Eric Holthaus at Grist writes in defense of Elon Musk’s hyperloop idea in general, and the proposal for a New York to Washington, DC hyperloop plan in particular.

Assuming hyperloop costs of $100 million per mile, and tunneling costs of about the same, the 226-mile span between New York and D.C. might cost about $45 billion. And Musk wants to start digging as soon as possible — in months, not years.

Keep in mind that no human has yet ridden in a full-scale functioning hyperloop.

So, yeah. This is a really expensive, really ambitious idea. But just stick with me here.

Put in proper context, the hyperloop actually represents an incredible bargain. Just the proposed transit and airport improvements needed to keep New York City functioning in the coming decades would cost more than Musk’s entire project. That includes renovations to LaGuardia Airport ($4 billion), other regional airport improvements ($6.5 billion), the rest of the Second Avenue Subway line ($17 billion), improved access at Grand Central Station ($10 billion), a new Penn Station ($1.6 billion), a revamped bus station on the city’s west side ($10 billion), and repairs to the Hudson River tunnels damaged in Hurricane Sandy ($23.9 billion).

In California, construction on an eventual Bay Area to Southern California high-speed rail line approved in 2008 was initially expected to cost about $40 billion. (Its top speed would reach about 220 mph, less than one-third of the hyperloop.) A recent report found that the rail project was already about 50 percent over budget and seven years behind schedule.

There’s no reason to expect a hyperloop wouldn’t run into the same sort of cost overruns.
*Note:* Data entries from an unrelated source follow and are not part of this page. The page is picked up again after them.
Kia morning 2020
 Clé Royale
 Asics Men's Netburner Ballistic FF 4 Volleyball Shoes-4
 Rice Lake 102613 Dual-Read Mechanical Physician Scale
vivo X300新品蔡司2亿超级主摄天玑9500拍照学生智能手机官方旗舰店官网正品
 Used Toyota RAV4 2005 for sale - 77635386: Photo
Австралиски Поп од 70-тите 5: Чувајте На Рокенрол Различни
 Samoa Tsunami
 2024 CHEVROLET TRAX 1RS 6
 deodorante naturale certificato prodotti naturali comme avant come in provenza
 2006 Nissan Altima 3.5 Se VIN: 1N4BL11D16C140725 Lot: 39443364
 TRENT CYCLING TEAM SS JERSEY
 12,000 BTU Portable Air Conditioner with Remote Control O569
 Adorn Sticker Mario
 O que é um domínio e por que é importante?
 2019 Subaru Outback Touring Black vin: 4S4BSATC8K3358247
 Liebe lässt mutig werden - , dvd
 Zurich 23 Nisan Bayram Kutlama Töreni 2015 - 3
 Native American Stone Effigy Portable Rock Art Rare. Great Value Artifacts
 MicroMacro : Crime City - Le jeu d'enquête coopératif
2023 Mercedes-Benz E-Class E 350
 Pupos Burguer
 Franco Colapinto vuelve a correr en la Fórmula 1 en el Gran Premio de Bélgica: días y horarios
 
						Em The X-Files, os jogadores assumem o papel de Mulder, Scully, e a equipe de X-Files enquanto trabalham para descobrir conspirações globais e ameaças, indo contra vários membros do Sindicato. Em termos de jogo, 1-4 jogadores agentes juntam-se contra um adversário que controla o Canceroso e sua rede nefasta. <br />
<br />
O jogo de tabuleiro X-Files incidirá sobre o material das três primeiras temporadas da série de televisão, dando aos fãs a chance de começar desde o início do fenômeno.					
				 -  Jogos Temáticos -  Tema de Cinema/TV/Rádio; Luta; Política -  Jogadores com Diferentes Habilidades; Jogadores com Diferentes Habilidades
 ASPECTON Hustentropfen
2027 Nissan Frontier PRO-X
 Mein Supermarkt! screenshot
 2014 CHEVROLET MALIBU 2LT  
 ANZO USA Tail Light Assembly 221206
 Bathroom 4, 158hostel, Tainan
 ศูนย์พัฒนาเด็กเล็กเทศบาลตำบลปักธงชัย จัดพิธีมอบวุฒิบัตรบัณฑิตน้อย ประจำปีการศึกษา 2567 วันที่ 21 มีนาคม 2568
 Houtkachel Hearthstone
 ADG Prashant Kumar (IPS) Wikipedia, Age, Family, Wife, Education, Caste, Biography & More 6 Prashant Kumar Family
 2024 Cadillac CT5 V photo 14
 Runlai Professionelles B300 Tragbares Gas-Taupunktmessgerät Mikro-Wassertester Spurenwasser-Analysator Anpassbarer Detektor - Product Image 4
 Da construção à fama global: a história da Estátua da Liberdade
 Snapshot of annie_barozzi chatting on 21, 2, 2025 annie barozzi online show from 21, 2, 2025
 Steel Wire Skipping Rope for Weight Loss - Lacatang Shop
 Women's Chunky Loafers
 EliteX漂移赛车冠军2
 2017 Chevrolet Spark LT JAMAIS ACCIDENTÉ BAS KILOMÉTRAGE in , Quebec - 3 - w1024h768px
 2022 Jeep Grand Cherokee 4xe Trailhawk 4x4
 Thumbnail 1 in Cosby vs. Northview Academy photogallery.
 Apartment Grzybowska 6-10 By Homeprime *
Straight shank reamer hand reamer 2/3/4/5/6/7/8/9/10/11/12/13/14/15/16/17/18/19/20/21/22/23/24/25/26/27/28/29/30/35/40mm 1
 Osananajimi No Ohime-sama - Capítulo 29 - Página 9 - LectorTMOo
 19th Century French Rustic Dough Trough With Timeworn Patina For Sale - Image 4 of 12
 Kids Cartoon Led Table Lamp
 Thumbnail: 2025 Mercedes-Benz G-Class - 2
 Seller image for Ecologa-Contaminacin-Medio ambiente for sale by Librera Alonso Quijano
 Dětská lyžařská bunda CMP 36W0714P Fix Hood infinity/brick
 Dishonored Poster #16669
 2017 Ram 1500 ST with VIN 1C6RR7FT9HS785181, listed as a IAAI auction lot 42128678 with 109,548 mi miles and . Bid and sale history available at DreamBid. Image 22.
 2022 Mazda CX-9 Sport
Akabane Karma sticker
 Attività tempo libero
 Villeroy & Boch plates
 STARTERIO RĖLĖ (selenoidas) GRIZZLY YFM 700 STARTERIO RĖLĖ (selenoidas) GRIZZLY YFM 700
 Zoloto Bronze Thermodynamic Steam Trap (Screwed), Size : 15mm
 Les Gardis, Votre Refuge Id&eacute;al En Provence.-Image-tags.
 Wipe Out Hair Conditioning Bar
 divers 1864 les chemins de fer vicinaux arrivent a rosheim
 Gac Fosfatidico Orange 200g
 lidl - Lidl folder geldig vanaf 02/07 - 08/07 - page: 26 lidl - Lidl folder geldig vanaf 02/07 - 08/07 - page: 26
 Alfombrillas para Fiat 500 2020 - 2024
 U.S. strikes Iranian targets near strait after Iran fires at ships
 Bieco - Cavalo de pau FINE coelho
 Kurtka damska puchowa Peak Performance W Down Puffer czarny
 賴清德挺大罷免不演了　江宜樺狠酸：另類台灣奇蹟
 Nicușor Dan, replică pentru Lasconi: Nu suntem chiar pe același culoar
But for the sake of argument, let’s assume for a moment that a New York to D.C. hyperloop actually happens, at whatever cost: It would utterly transform the congested East Coast transit corridor.

Musk said a trip between the two cities would take just 29 minutes — less time than an average subway trip from lower Manhattan to the Upper West Side. The ease of long-distance travel along the nation’s most populous corridor would revolutionize transportation as we know it. It would inspire urban planners around the world. And it could be one of the single most-important steps to reduce carbon emissions and curtail global warming in U.S. history.

A functioning hyperloop would cannibalize air travel. It would also be a nearly ideal way to move cargo, greatly reducing the burden on the region’s highways and rails and providing new meaning to just-in-time shipping. Because aviationand shipping are projected to be the fastest-growing sources of new carbon emissions worldwide in the coming decades, the hyperloop — which could be operated entirely on renewable energy — is exactly the kind of technology that’s needed at exactly the right time.

I’m all about the hyperloops, as you know. I am also aware of the high level of skepticism surrounding the idea. Since one of the hyperloop proposals out there is in Texas, I’m more in the dreamers camp than the cynics, because this would be super cool if it happens. There are signs of progress, too. As long as we’re just spending Elon Musk’s money, why not indulge a bit?